The choice of transformers
versions forces assignments to the automatic flags (four
, three
, ...) and then we can alter build info of a package based on that.
That is an indirect way of writing (encoding!) something like
if build-depends(transformers >= 0.4.1 && <0.5)
...
if build-depends(transformers >= 0.3 && <0.4)
...
A common example in the past was adding old-locale
dependency when the old version of time
library was picked:
if flag(old-locale)
build-depends:
old-locale >=1.0.0.2 && <1.1
, time >=1.4 && <1.5
else
build-depends: time >=1.5 && <1.7
which could be written as
build-depends: time >=1.4 && <1.7
if build-depends(time < 1.5)
build-depends: old-locale >=1.0.0.2 && <1.1
Another example is functor-classes-compat
which also encodes transformers
and base
version subsets, but it is using binary encoding of four options. There the implied constraints are also (hopefully) disjoint making flag assignment deterministic.

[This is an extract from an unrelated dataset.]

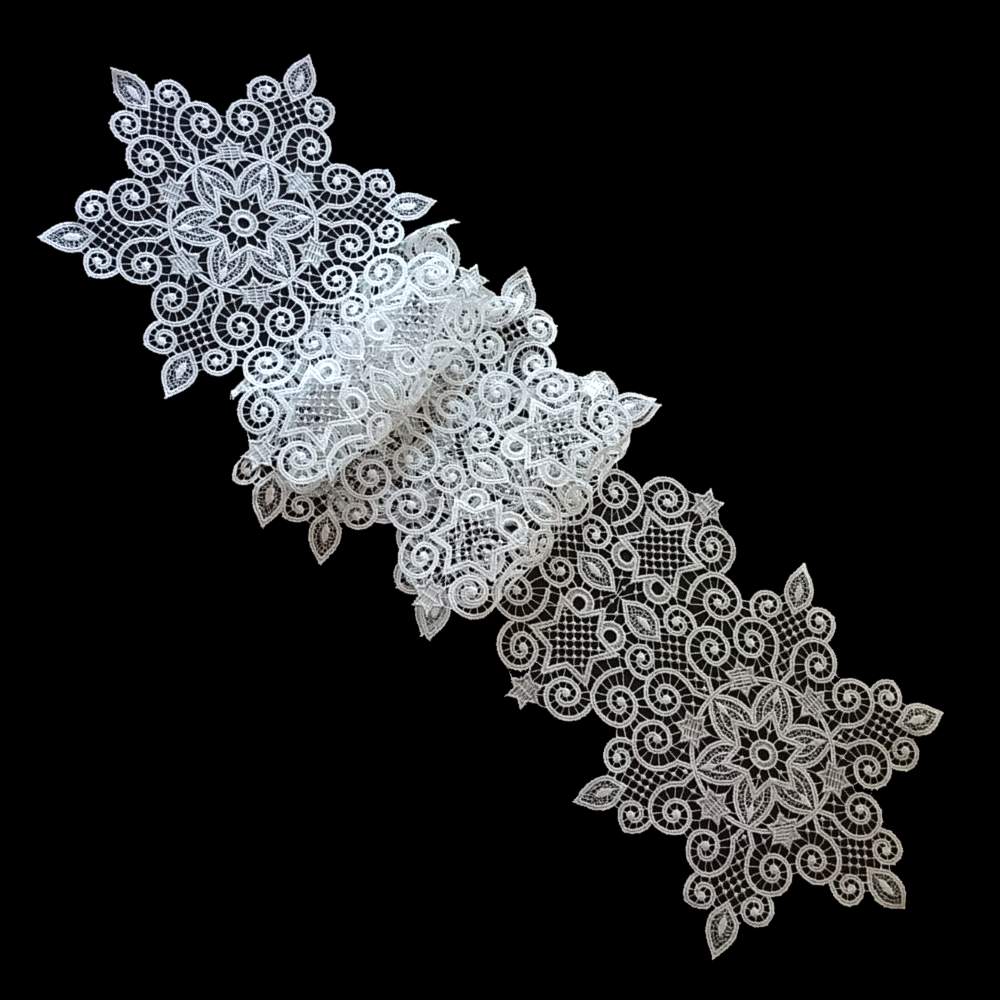 Tischband 24 x 147 cm - Sternenmotiv - Plauener Spitze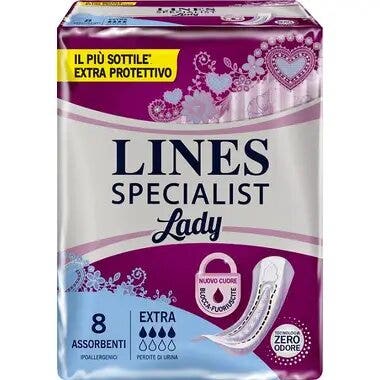 Lines Specialist Lady Serviettes hygiéniques pour incontinence Extra 8 pièces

I think that automatic flags are good feature to have. It is a basic building block, but is a "low-level" feature. On the other hand if build-depends(...)
construct is more difficult to use wrong, and probably covers 99% of the use cases for automatic flags. If you are mindful that you encoding if build-depends (...)
constraint, then you'll probably use cabal's automatic flags correctly. Conversely, if you are using automatic flags to encode something else, like solving general SAT problems, most likely you are doing something wrong.